I try to calculate the following integral but am a bit confused with the |x|
$$\int_{-1}^1 (2-\left |x \right |)dx$$
The antiderivative should be:
$\begin{cases} 2x-\frac{x^2}{2} & x \geq 0 \\ 2x + \frac{x^2}{2} & x \lt 0 \end{cases}$
Is that correct? So it would mean:
$\left ( 2-\frac{1}{2}\right ) - \left ( 2+\frac{1}{2}\right ) = 1.5 - 2.5 = -1$
But that is not correct. It is supposed to be 3. Where did I do the mistake?
You've evaluated at the bounds incorrectly: Since you have $2x + x^2/2$, the second term should be $(-2 + \frac 1 2)$, which gives the correct answer.

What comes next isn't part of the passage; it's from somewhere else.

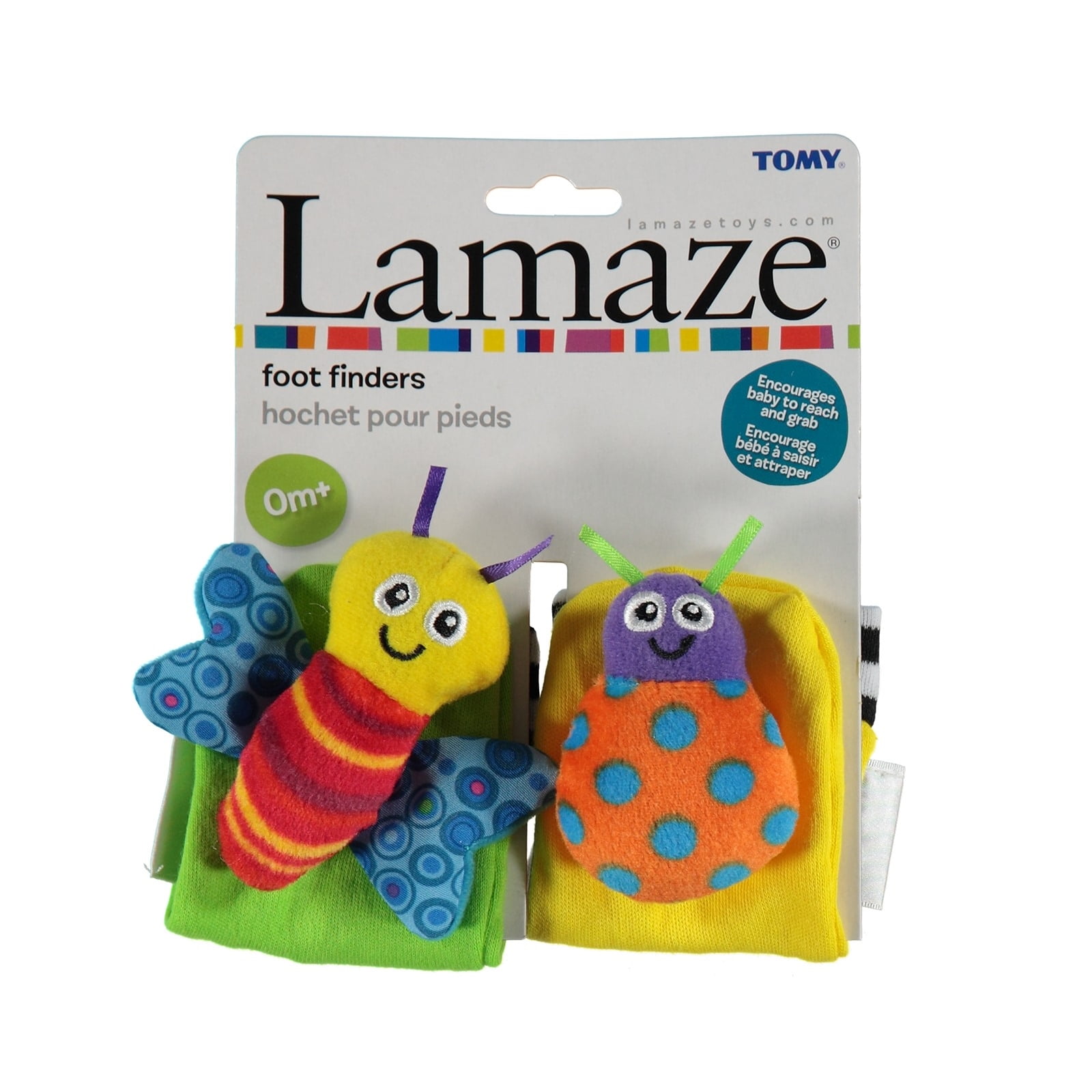 lamaze hand and foot finders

Since $2-|x|$ is even function, we can obtain: $$\int_{-1}^1 (2-\left |x \right |)dx=2\int_0^1(2-|x|)dx=2\int_0^1(2-x)dx$$
It will be $$(2x+(1/2)x^2)\bigg|_{-1}^{0}+(2x-(1/2)x^2)\bigg|_{0}^{1}=0-(-2+(1/2))+(2-(1/2))=4-1=3.$$
You missed out a minus sign for the second $2$ in your equation. :)
An alternative is to split the integrals so that you can see from an easier light.

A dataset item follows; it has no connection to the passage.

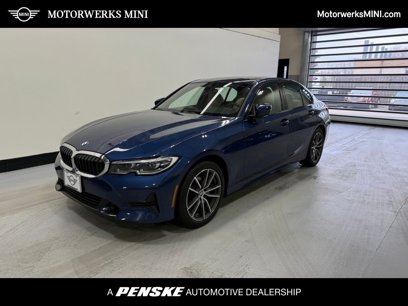 Used 2022 BMW 330i xDrive Sedan w/ Convenience Package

$$\int_{-1}^{1}(2-|x|)\ dx=\int_{-1}^{1}2\ dx-\int_{-1}^{1}|x|\ dx=2*(1+(-1))-\int_{-1}^{1}|x|\ dx$$
It all boils down to evaluating $$\int_{-1}^{1}|x|\ dx$$
Notice from the graph of $y=|x|$ that the area under the curve from $-1$ to $1$ is just simply the sum of two triangles with base and height $1$, which gives us a total area of $1$.
So $$\int_{-1}^{1}(2-|x|)\ dx=4-1=3$$